If that is the case for the Philadelphia Flyers, it will be in the aftermath of more than just fuel being dripped on the fire. Theirs is more on the level of a powder keg meeting a container of torch fluid and a lit match.
The Flyers did not seem like they would have too much to feel bad about following a period of play on Friday against the Washington Capitals. Although they trailed 1-0 heading into the first break, they had earned the territorial advantage, limiting Washington to just four shots in the entire period.
However, as has been the Flyers’ bugaboo all season, the second stanza reared its ugly head yet again. The Capitals scored five goals on 15 shots in the twenty minutes, including three in the first four minutes of the middle frame. It was only after the fourth Washington goal that Flyers’ general manager Paul Holmgren had had enough.
“Once they scored the fourth goal, we stopped playing,” said Holmgren. “I think we’re afraid to play the game right now, afraid to make plays, afraid to battle for pucks, afraid to skate after pucks; it’s tough to watch.”

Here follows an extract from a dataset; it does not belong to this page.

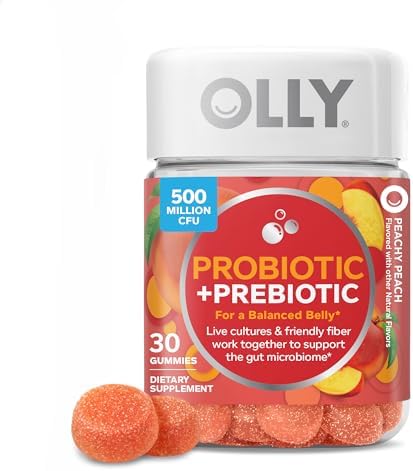OLLY Probiotic + Prebiotic Gummy, 500 million CFUs, Peachy Peach - 30 Count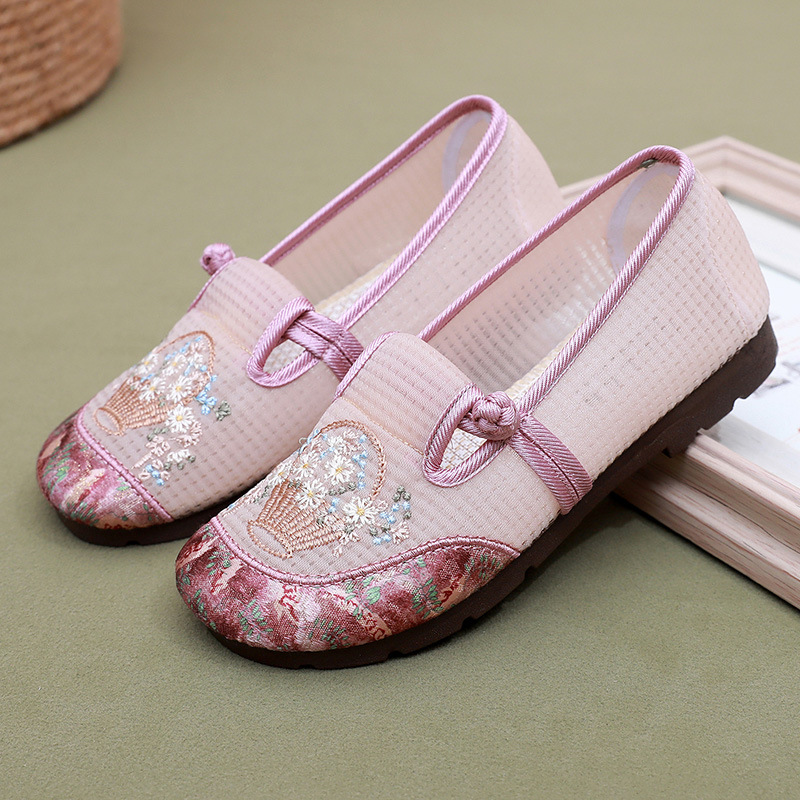 Embroidery Lace - Damskie oddychające haftowane buty z tkaniny,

It is easy to sense Holmgren is aware of his job security’s potential jeopardy. On multiple occasions on Friday night, “Fire Holmgren” chants engulfed the Wells Fargo Center, despite the sound people’s best efforts to drown them out.
However, the ramifications of the brawl go well beyond the job security of the club’s general manager.
The Flyers Paid the Price in Injuries
Before the brawl even began, the Flyers’ were not having a night to remember in any facet of the game. A scuffling power play continued its trend in the first period, having as many shots blocked (8) as shots on goal in the first period.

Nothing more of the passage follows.